* _Aim of the exercise_:
Restate the data below word for word, and let no image into your version.

* _Given entries_:
[Start of section]

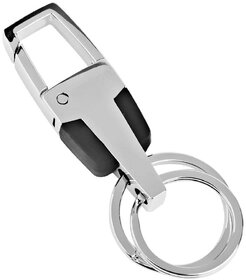 Sleek Chrome  Black Metal Keychain V01 - Durable  Modern Design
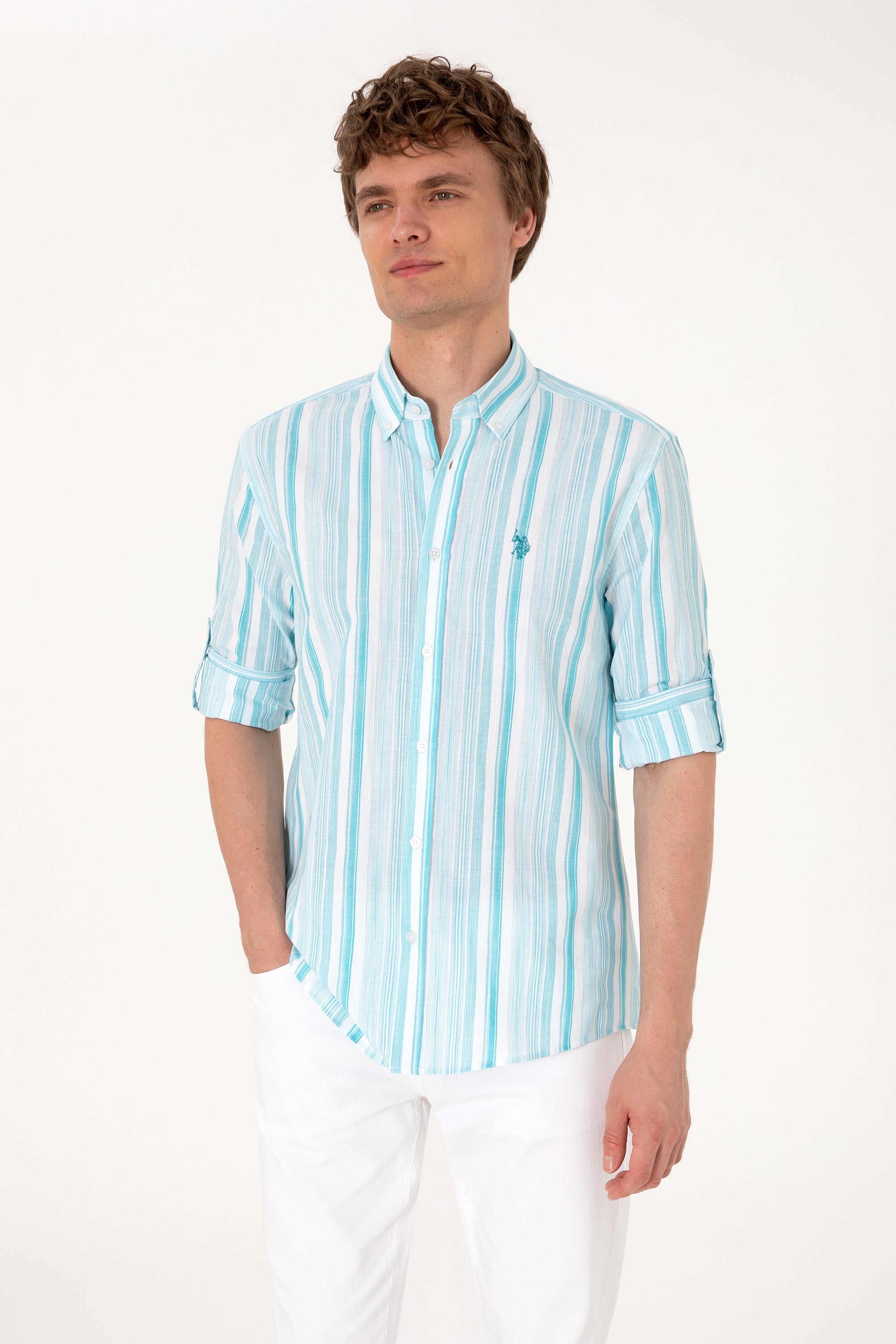 Cămașă Bărbați Pe Alb Cu Dungi Verde Aqua Și Logo Discret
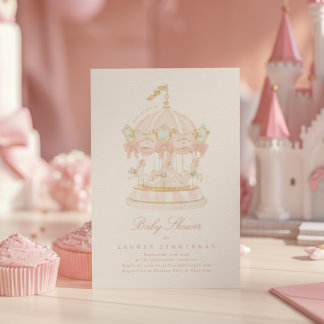 Mädchen Karussell Märchenbögen Rosa Babyparty Einladung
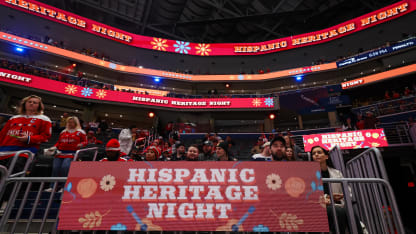 A general view of Hispanic Heritage Night signage before the game between the Washington Capitals and the Vegas Golden Knights at Capital One Arena on October 15, 2024 in Washington, DC. (Photo by Scott Taetsch/Getty Images)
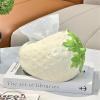 Strawberry Tissue Box, Decorative Holder for Living Room and Countertop, White view 4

[End of section]

* _Exercise result_:
 Sleek Chrome  Black Metal Keychain V01 - Durable  Modern Design
 Cămașă Bărbați Pe Alb Cu Dungi Verde Aqua Și Logo Discret
 Mädchen Karussell Märchenbögen Rosa Babyparty Einladung
 A general view of Hispanic Heritage Night signage before the game between the Washington Capitals and the Vegas Golden Knights at Capital One Arena on October 15, 2024 in Washington, DC. (Photo by Scott Taetsch/Getty Images)
 Strawberry Tissue Box, Decorative Holder for Living Room and Countertop, White view 4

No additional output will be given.